Pero una cosa es cierta: no te preguntarás nunca a dónde ha ido a parar la paloma. En cambio nosotros no podemos desaparecer tan fácilmente. Ha pasado el tiempo. Y ahora saboreo sus labios. Y acordándome de cuanto me hubiera gustado ser esa paloma, sonrío, y me siento un poco avergonzada.
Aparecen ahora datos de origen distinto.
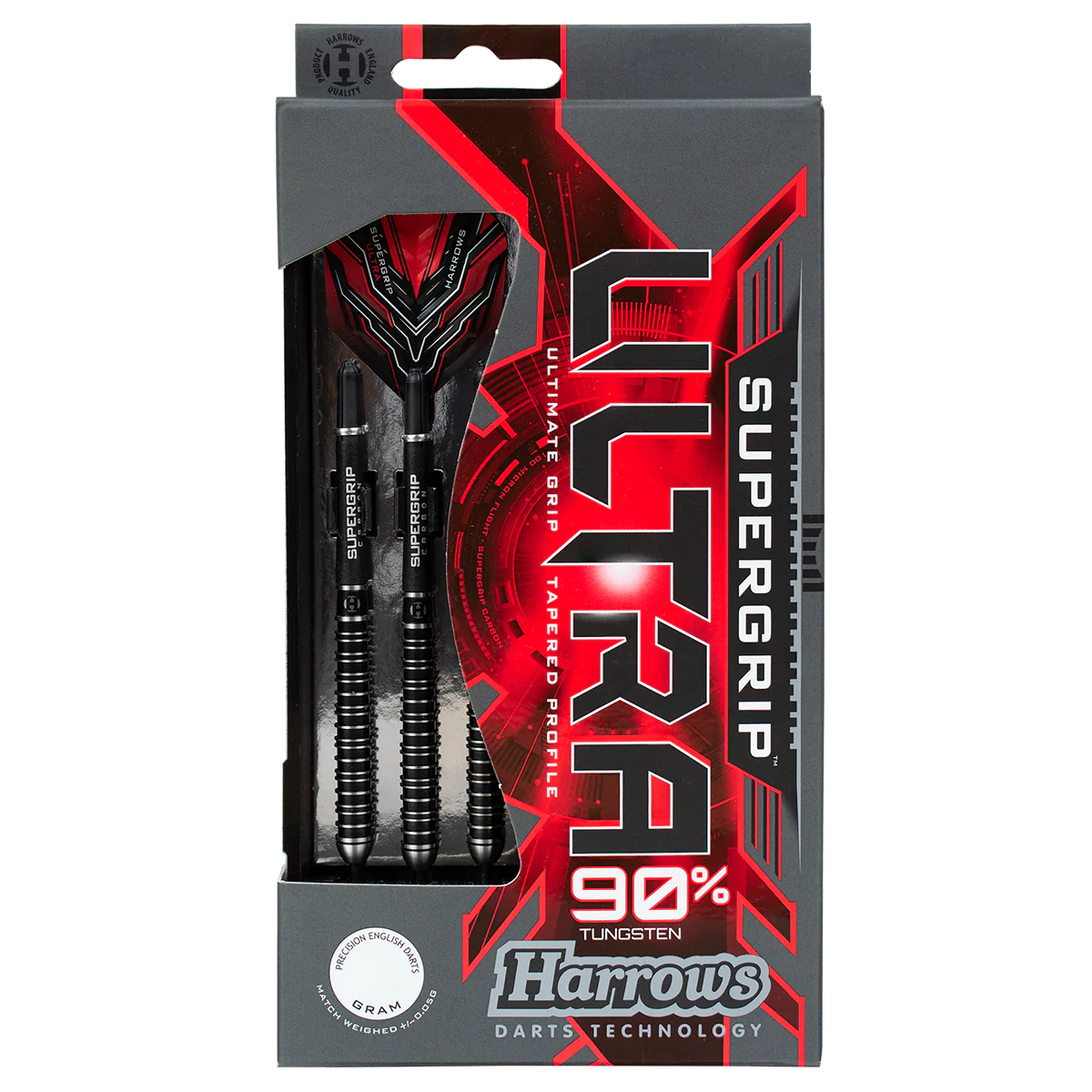 HARROWS - SUPERGRIP - ULTRA - STEEL TIP DARTS - 90% - 21g/22g/23g/24g/25g/26g/28g/30g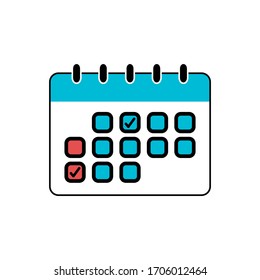 Calendar Icon Design. Vector Illustration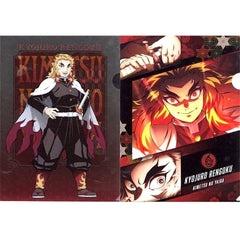 Demon Slayer: Kimetsu no Yaiba Kyojuro Rengoku Ichiban Kuji Iza Katanakaji no Sato e A4 File Folder Prize G [USED]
Se marcha, pero antes de irse sonríe de nuevo. Se vuelve una última vez hacia mí antes de marcharse. Me mira, ojos verdes. Estiró los brazos. Esta vez soy yo quien sonríe. Él es el amigo que perdí hace dos años. Escucha en silencio. Cómo lo conocí, como empecé a reír, cómo me enamoré, cómo le eché de menos. Sólo adviertes la maravilla de un amor cuando ya lo has perdido. La noticia le ha echo olvidarse de todo. Mi relato no tiene precio. Días inútiles para que descanse mi cabeza, mi corazón.